# white sand for betta aquarium?



## sayurasem (Nov 20, 2010)

can i use white sand for my substrate on my 10gal tank??
will the bettas choke?

i just saw videos by BettaMaster in youtube.... his tank is so nice with a crawfish.


----------



## Oldfishlady (Mar 1, 2010)

I use sand to cap my soil based tanks and have never had any problems with a betta choking or anything else and I also use the natural method to spawn and have never had issues with sand in regard to eggs, fry, male...etc.....

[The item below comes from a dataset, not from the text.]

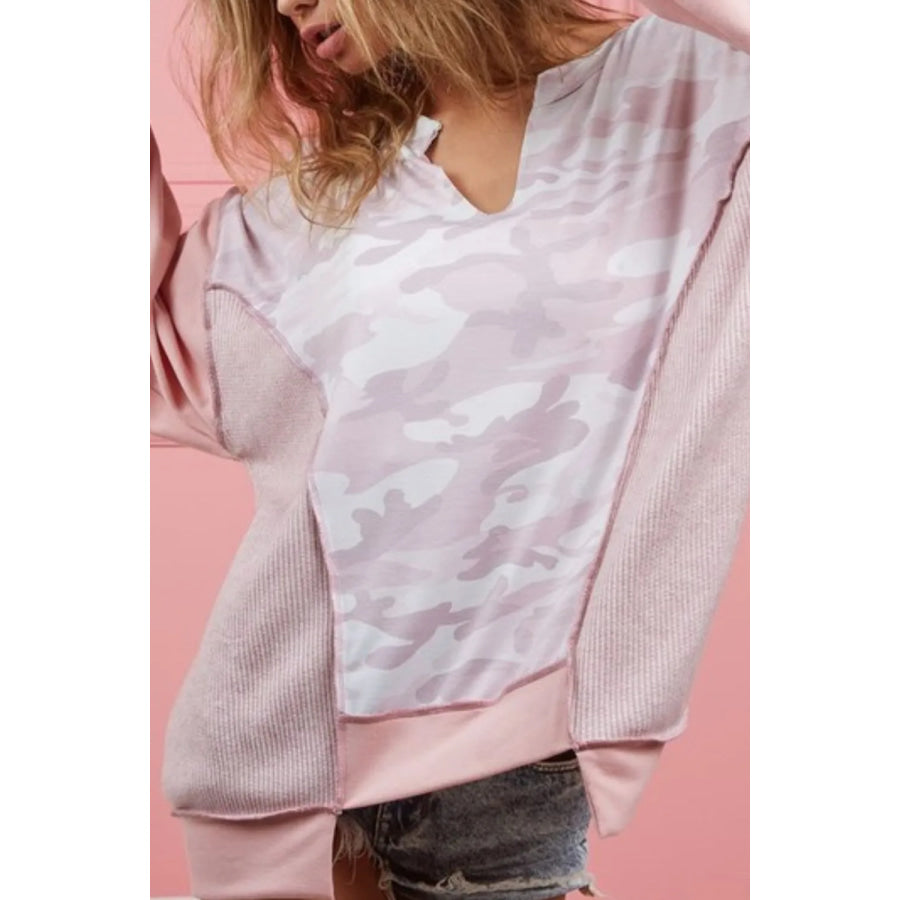 c032dd65-7bbf-4c6e-85cf-204f6c76318a-Max-Origin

Cleaning and keeping the sand looking nice can be a challenge however, it tend to change color as the tank matures if you don't keep it stirred up enough and if you use filtration- that needs to be turned off before cleaning so the sand doesn't get into the impeller and cause problems

If you use sand and do not plan to use live plants I would not go over half-to-one inch at most so you don't end up with anaerobic areas, however, adding trumpet snail can help to a degree or weekly poking if you use a deeper sand bed without live plants

Sand can be beautiful.......just takes a bit more work to keep it that way....


----------



## aKu3 (Nov 18, 2010)

I have sandbased tanks and I hate it....lots of work!!! Don't recommend it!!!


----------



## atteb (Nov 12, 2010)

I use a very thin layer of sand for my bettas. I don't like deep sand beds even in my discus tank.

I would not recommend white sand as it will be very hard to keep clean, I use a natural colored sand and its perfect, make sure you stir up the sand from time to time so no dead pocket form.


----------



## anglnarnld (Aug 27, 2010)

Do not get sand, I have white sand right now and it is *hard* to get the poop out of it, Im actually looking in to changing back to regular gravel . It looks nice but super hard to matian ;/


----------



## JKfish (Apr 8, 2010)

I've got white sand I got from destin, and it's easy to keep. The poop falls on to the top, and if you have a turkey baster, you just suck it up daily. Once a week during water changes, turn off your filter and run your hands through it to move it around, and stirr up the mulm before sucking out the water. It looks nice, though I'm switching to Fluorite for a planted tank (I'm going to keep the sand to use to cap a NPT I might do one day with a darker colored betta)

Bettas are really precise in getting food from the ground, he won't choke on the sand, I promise. If he ever does eat sand, he'll spit it out.


----------



## sayurasem (Nov 20, 2010)

whats a turkey baster?
-btw i have some cleaning minions ... 7 ghost shrimps lol.


----------



## JKfish (Apr 8, 2010)

It's a large cooking pippet typically used when cooking to suck marinade or juice or something up and then squeezed to pour over something like turkey ... You can buy them cheaply almost anywhere in any store like walmart, target, etc. 

Ghosties are good cleaners, but you can't trust them to always eat poop, they typically ignore it if the other pickings are good.


----------